One of the most effective things you could tack on te back of a coal or gas power plant to raise its efficiency and lower its carbon emissions, would be greenhouses heated with waste water and with artificially raised CO2 levels for plants to grow in.

Rent such a space to a commercial market gardener (UK speak for vegetable grower) and you would probably get it to pay for itself.

Reply to  Leo Smith
March 24, 2019 3:05 am

Back in the 1980s Drax heated a fish farm & greenhouses with waste heat, dont know if it’s still there

Reply to  saveenergy
March 24, 2019 6:45 am

Effluent from a coal plant on a very small lake in North Carolina (temperate US) enables tilapia (a delicious tropical fish) to thrive there.

Reply to  Leo Smith
March 24, 2019 7:22 am

See, that’s the kind of thing Trump could propose in a Great New Deal (GND). Integrated solutions like a carbon capture coal plant that provides heat for both the air and water of an aquaponics facility (fish water feeds/irrigates plants which clean the water), as well as a nearby housing complex with built-in EV-friendly infrastructure and a lake for recreation and dumping heat in summer, and provides CO2 for the plants. Greens would go absolutely nuts if he did stuff like that. Let’s get people working together instead of always fighting each other in a politically-polarized environment.

Reply to  icisil
March 24, 2019 7:30 am

Or dump heat in summer into ponds that grow duck weed to be used as tilapia feed.

Reply to  icisil
March 24, 2019 7:30 am

Trump needs to move ahead and get rid of the ridiculous “endangerment finding” that allows EPA over-reach. After that there would be no need to argue the pros and cons CCS and the rest.

Reply to  Greg
March 24, 2019 7:38 am

That would be great, but it won’t win over voters who are inclined towards “sustainable” solutions. Suggestions like mine most definitely would.

Reply to  Greg
March 24, 2019 7:51 am

Exactly. Removing the Endangerment Finding is critical.

Reply to  Tom Halla
March 24, 2019 5:43 pm

“Exactly. Removing the Endangerment Finding is critical.”

Critical to what?

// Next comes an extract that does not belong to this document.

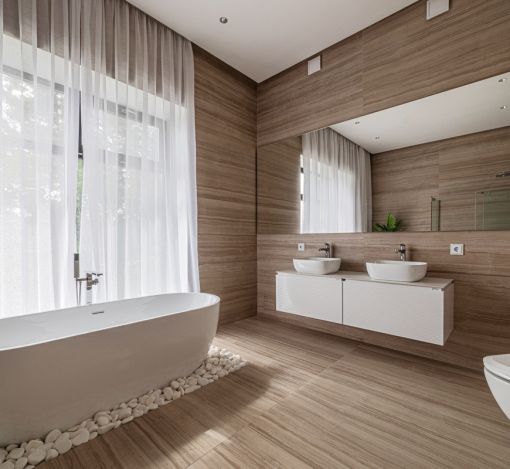 Дом с бассейном в Ренессанс парк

No new large coal-fired power plants are going to be built with or without the Endangerment Finding.

Reply to  Mark Bahner
March 24, 2019 6:07 pm

The real issue with building a new coal power plant is political risk, that some green like most of the Democratic candidates will get elected, and revert to Obama’s policies.
Otherwise, it is more a calculation about future natural gas prices relative to coal prices, and given the creation of a substantial export market for gas, gas prices are likely to increase to what the world market will bear.

Reply to  Tom Halla
March 24, 2019 7:36 pm

“The real issue with building a new coal power plant is political risk, that some green like most of the Democratic candidates will get elected, and revert to Obama’s policies.”

I don’t agree that the *only* issue is political risk. There’s also the fact that natural gas combined cycle plants can be built at a much lower capital cost than a coal-fired power plant…even a coal-fired power plant with zero carbon capture:

https://www.eia.gov/analysis/studies/powerplants/capitalcost/pdf/capcost_assumption.pdf –> See pages 7 and 8.

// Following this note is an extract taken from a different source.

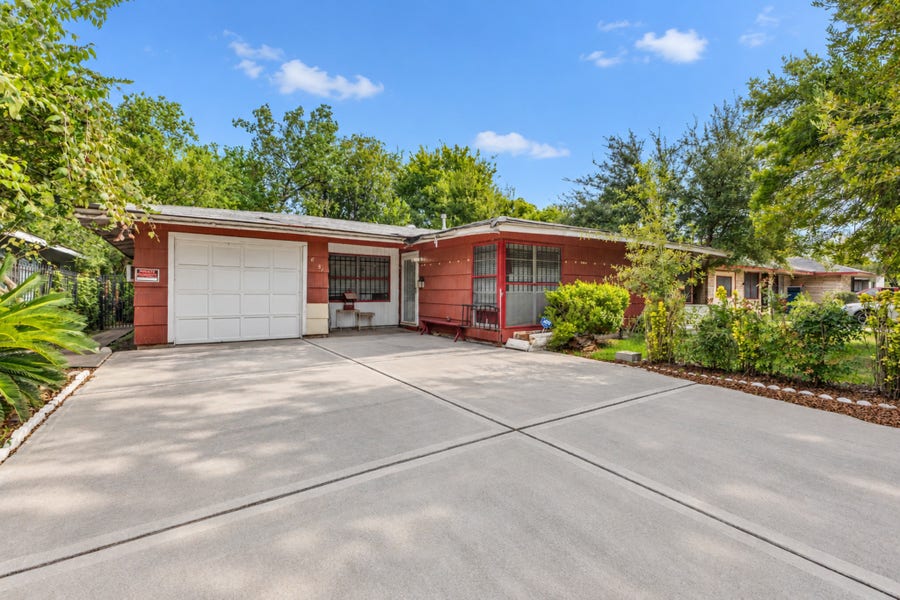 Property photo for 6051 Willow Glen Drive, Houston, TX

Plus, natural gas plants have much more siting and sizing flexibility than coal-fired power plants. Finally, natural gas plants can follow load better.

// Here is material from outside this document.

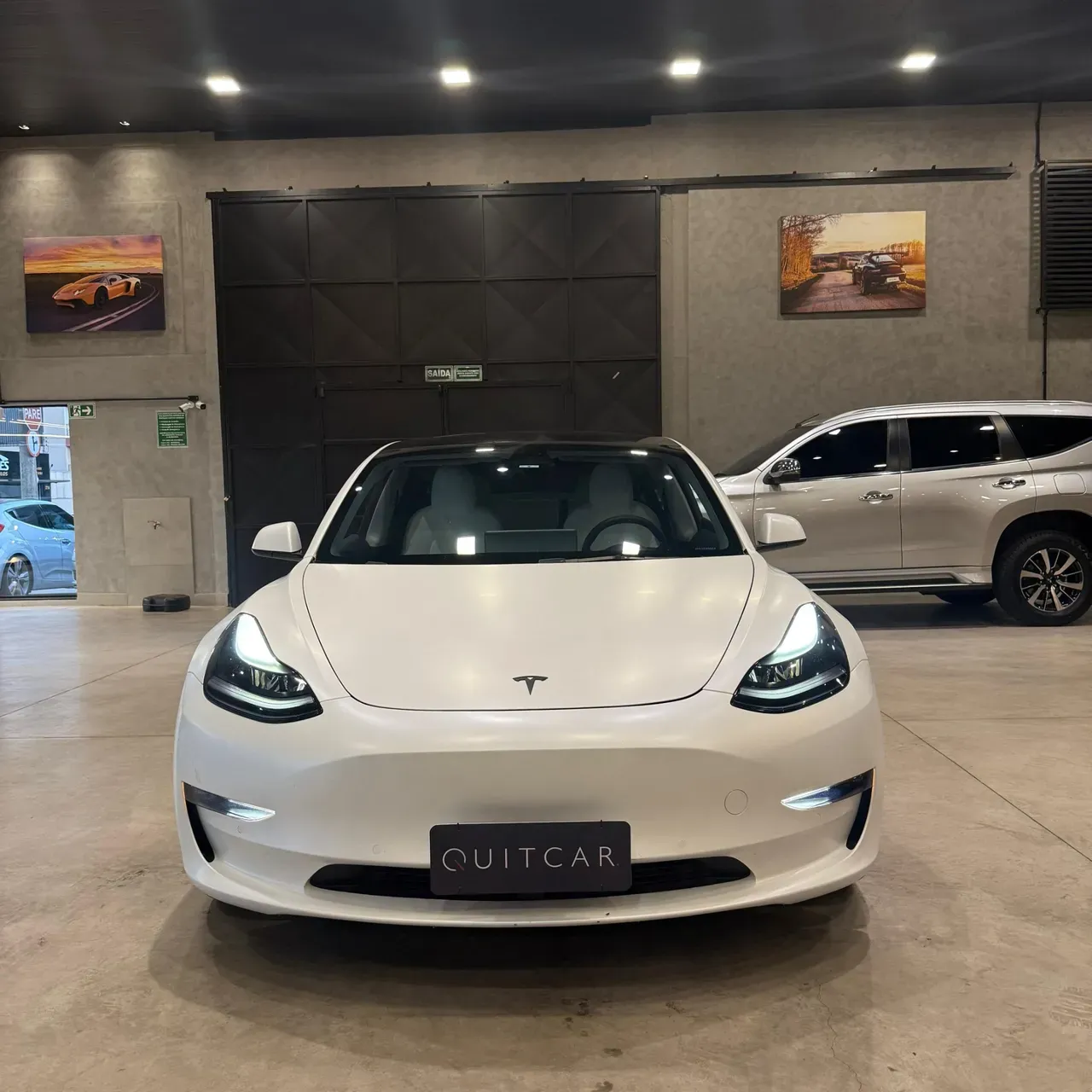 Tesla Model 3 - Imagem 17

But even if your statement was true, and “the real issue with building a new coal power plant is political risk”…I don’t see how overturning the Endangerment Finding–under a president who is laughably ignorant about virtually every scientific matter–eliminates any political risk. The Endangerment Finding would likely simply get reinstated in the next Democratic administration…and possibly even a Republican administration. Only a very foolish utility would sink the capital cost of major new coal-fired plant and face reinstatement of the Endangerment Finding and reinstatement of significant CO2 limits when the plant is up and operating. It’s a recipe for stranding major assets.

Reply to  Mark Bahner
March 24, 2019 8:12 pm

So, if one buys into the CO2 apocalypse theme, coal is a bad idea?
Without hysteriac objections to CO2, it is a matter of which fuel is cheaper over the lifetime of the plant. If natural gas gets sufficiently expensive, coal is much more viable a choice.
Your comment does demonstrate the major factor is political, with appeals to people with your opinions.

Reply to  Tom Halla
March 24, 2019 8:32 pm

The people who finance the cconstruction of power plants and those who intend to operate them… Political risk has to be weighed over decades. By encouraging CCUS for EOR, Perry is providing a pathway to keep large existing coal-fired plants operating, even if a subsequent maladministration reverts back to regulatory malfeasance.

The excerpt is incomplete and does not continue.